DISCONTENT IN RUSSIA GROWING

Soldiers Attack Russian Police; Protests Far from Front.

Wounded Soldiers Riot.

Special to The Great War Project

(22-24 September) There is growing trouble in Russia, and it threatens to undermine Russia’s continued ability to hold the line on the Eastern Front.

“In Russia,” writes historian Martin Gilbert, “discontent in the army found an outlet in whatever cause of protest was open to it.”

One episode is especially disturbing. According to Gilbert, on September 24th a century ago, “five hundred reservists attacked the police at a railway station in Petrograd in protest against the suspension of the Russian parliament, the Duma.”

Russian anti-war protest, date and place uncertain.

Russian anti-war protest, date and place uncertain.

This is not the only challenge to the Russian Tsar’s control over the Russian state. “Other protests,” reports Gilbert, “took place far behind the lines, in Rostov-on-Don and Astrakhan.”

Soon after that, Gilbert reports that rioting breaks out among 2,500 convalescing soldiers. “Even the wounded were raising their voices against the war, to which once mended, they would be returned.”

The effects of these protests reach far beyond the Russian front.
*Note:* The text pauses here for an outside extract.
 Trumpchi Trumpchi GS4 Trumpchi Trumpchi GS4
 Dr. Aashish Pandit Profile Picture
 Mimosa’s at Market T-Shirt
Elsewhere in the East, reports Gilbert, “news of the disturbances casts a pall.”

Florence Farmborough, a British nurse with the Russian army on the front in Western Russia, writes in her diary on these days a century ago, “The news which reached us from Russia was far from good; rumors of internal disturbances were wafted to us as on an ill wind.”

Nurse Florence Farmborough, date and place uncertain.

Nurse Florence Farmborough, date and place uncertain.

She goes on with especially worrisome news.

“Bread, it was said, was growing scarce; in some parts famine already threatened to engulf the masses.”

“The thousands of refugees swarming into the cities and towns were followed by pestilence and crime.”

Developments elsewhere: great losses in the war at sea on both sides. The use of submarines on the German side usually produces the greatest losses. But at this time one hundred years ago, the heaviest naval toll comes with the death of 672 German sailors on the Prinz Albert. A British submarine sinks the German warship, leaving only three survivors.

World War One German submarines.

World War One German submarines.

On the Western Front the build-up for a major offensive continues. It’s not difficult to see all the signs, on both the Allied side and the German. According to war historian John Keegan, the Allies are building new roads, positions for supplies, determining the best spots for the deployment of troops and artillery batteries.

In response the Germans are reinforcing their defenses.

One development is especially ominous. Among the ordnance both the British and the French position near the French towns of Artois and Loos are thousands of chlorine gas shells.